Elizabethtown College Director of Prestigious Scholarships and Public Heritage Studies, Jean-Paul Benowitz was recently awarded the Historic Preservation Trust of Lancaster County’s (HPTLC) Smedley Award.
“Since 1966 the Historic Preservation Trust of Lancaster County has been a nationally recognized leader in historic preservation and heritage conservation and so it is indeed an honor to be recognized by HPTLC with the Smedley Award,” Benowitz said. “The Public Heritage Studies program at Elizabethtown College, with its emphasis on community engagement and service, is contributing to the work of HPTLC and I am grateful for this collaboration and humbled by this award.”
The Smedley Award is presented yearly to a journalist or educator who has shown extraordinary support for historic preservation in Lancaster County. As the Director of Public Heritage Studies, Benowitz teaches courses about local and regional history. Each course has a community-based learning component that involves students conducting research and historic preservation fieldwork in the local community. The scholarship produced by the students is used by local borough leaders for securing county, state, and federal grants for economic development, environmental/ecological stewardship, and historic preservation.

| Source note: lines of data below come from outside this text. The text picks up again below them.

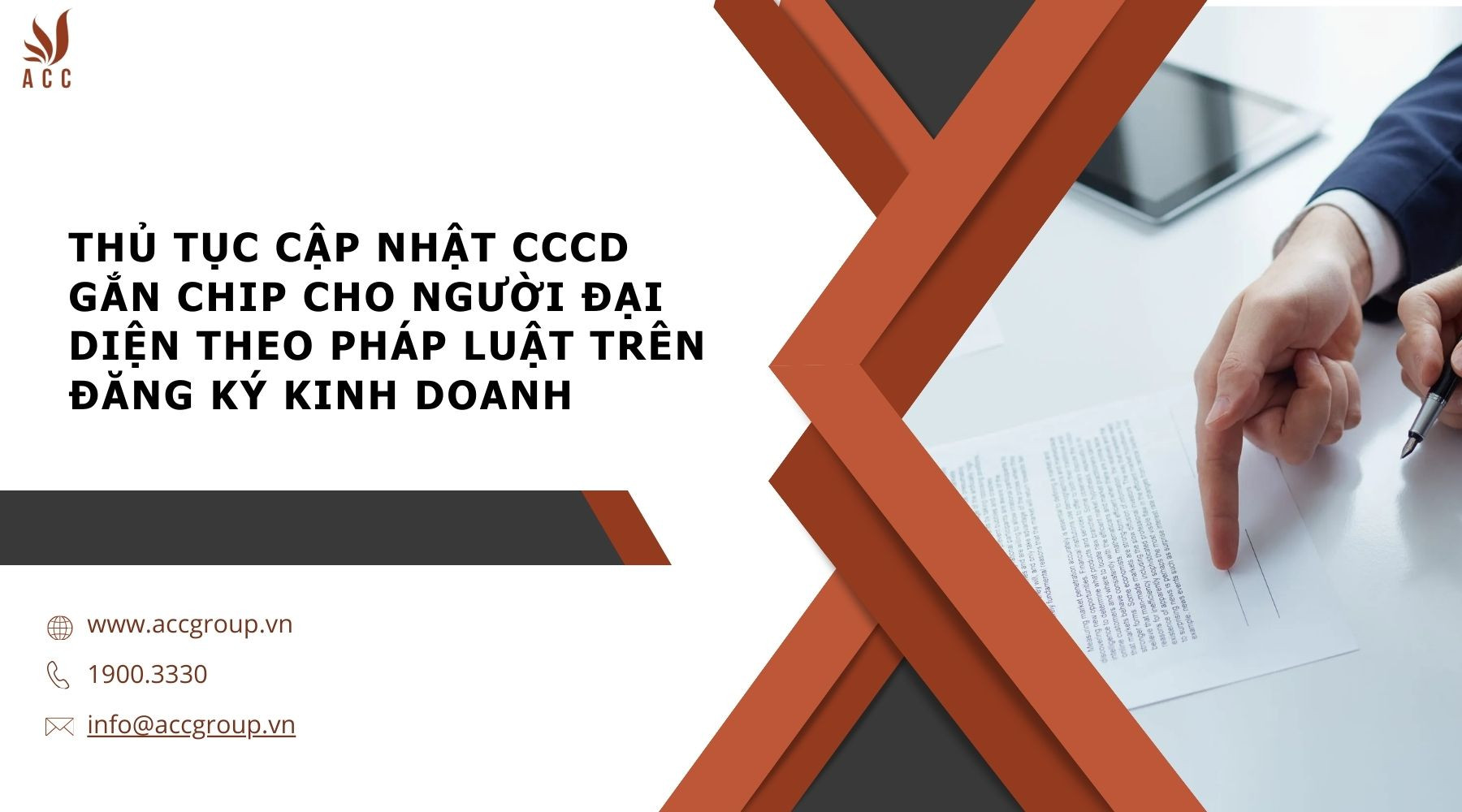  Thủ tục cập nhật CCCD gắn chip cho người đại diện theo pháp luật trên đăng ký kinh doanh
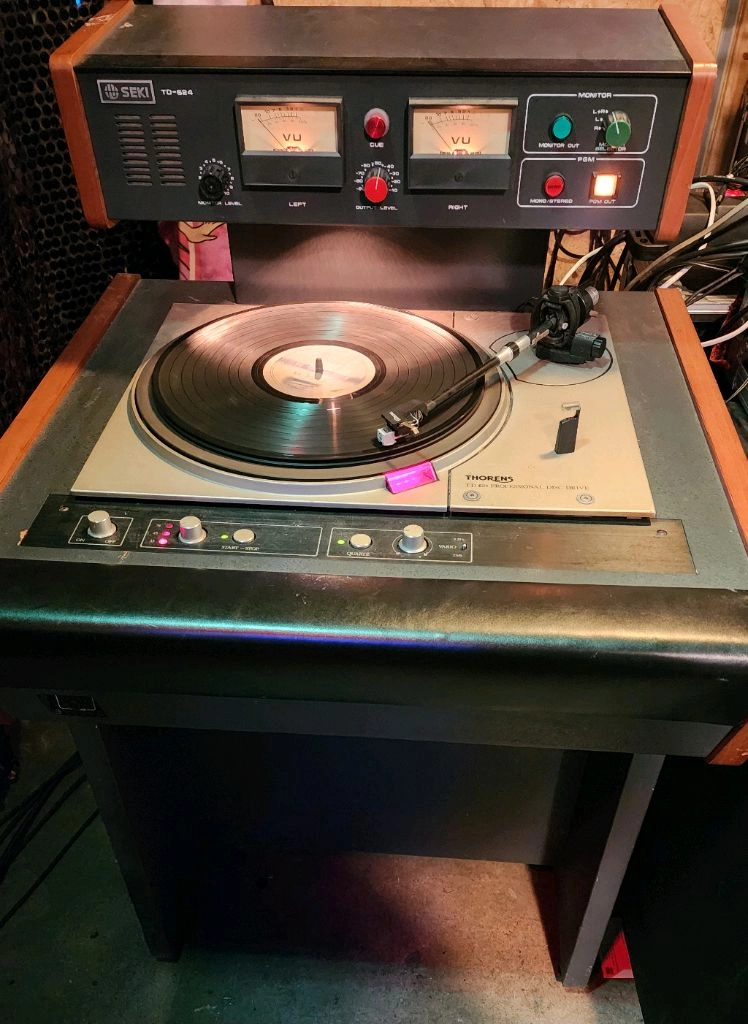 LP 레코드 턴테이블 THORENS TD-624 PROFESSIONAL DRIVE 이미지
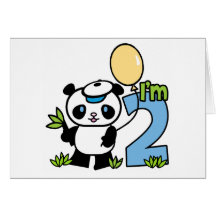 Convites do aniversário do menino da panda primeir cartoes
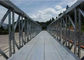 200 प्रकार स्थायी जस्ती सतह के उपचार स्टील बेली ब्रिज डबल पंक्तियों पुल आपूर्तिकर्ता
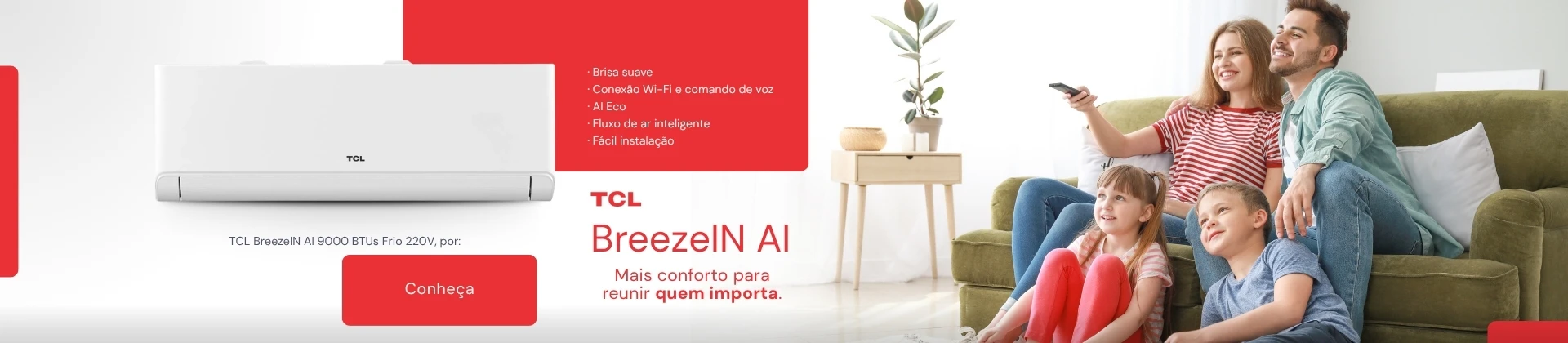 Conforto que vai além da temperatura com TCL Ar-Condicionados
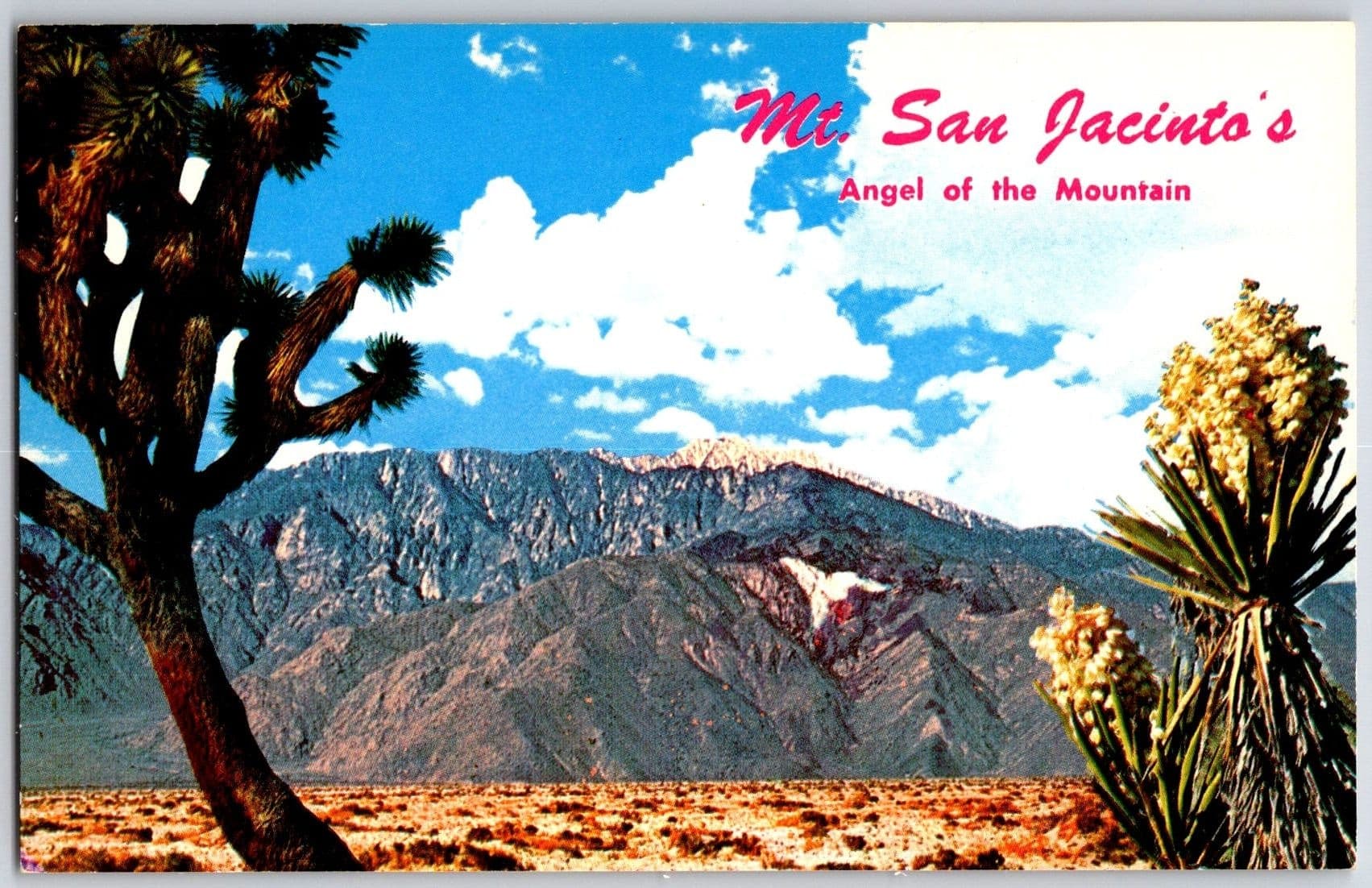 Mt San Jacinto Angel of the Mountain Desert Hot Springs CA Chrome Postcard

The research conducted by students in Benowitz’s Public Heritage Studies courses employs the National Collegiate Honors Council’s (NCHC) City As Text™ pedagogy, an active learning approach to Honors courses requiring civically engaged research. Benowitz serves on the NCHC Place As Text Committee and teaches national honors faculty master classes and institutes about how to incorporate City As Text™ into Honors education.
Benowitz was presented with the Smedley Award at the C. Emlen Urban Awards Dinner on June 20 at the Lancaster Country Club, where he gave a speech discussing the importance of historic preservation, local economic development, and civic engagement. Benowitz provided examples of how the research conducted by Honors Public Heritage Studies students at Etown led to historic conservation efforts across the region, including contributing to the prevention of a building in Elizabethtown, designed by C. E. Urban, from being destroyed. He also discussed a current project of his students, the launching of a “This Place Matters” campaign to celebrate and recognize the 125th anniversary of Elizabethtown College.
About the Historic Preservation Trust of Lancaster County
The Historic Preservation Trust of Lancaster County is a nonprofit membership corporation founded in 1966 working to preserve Lancaster County’s historic sites and architecture. They collaborate with individuals, businesses, municipalities, government agencies, and other not-for-profit organizations. The trust also delivers preservation education and advocates for the preservation of historic architecture and sites, and it’s been directly involved in preserving more than three dozen important Lancaster County landmarks.